- _WHAT THIS TASK INVOLVES_:
Reproduce the section of the listing that begins at the line containing "Dior trotter pouch with added chain strap" and finishes at the line containing "AD Originals Superstar". Include both end lines and nothing beyond them.

- _INPUT DATA_:
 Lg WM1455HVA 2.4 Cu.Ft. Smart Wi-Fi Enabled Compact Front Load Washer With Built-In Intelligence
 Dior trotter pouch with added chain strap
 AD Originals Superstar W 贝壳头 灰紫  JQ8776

* * *

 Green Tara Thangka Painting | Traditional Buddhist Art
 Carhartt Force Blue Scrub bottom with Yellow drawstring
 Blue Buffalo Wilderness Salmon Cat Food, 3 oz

- _EXERCISE ANSWER_:
 Dior trotter pouch with added chain strap
 AD Originals Superstar W 贝壳头 灰紫  JQ8776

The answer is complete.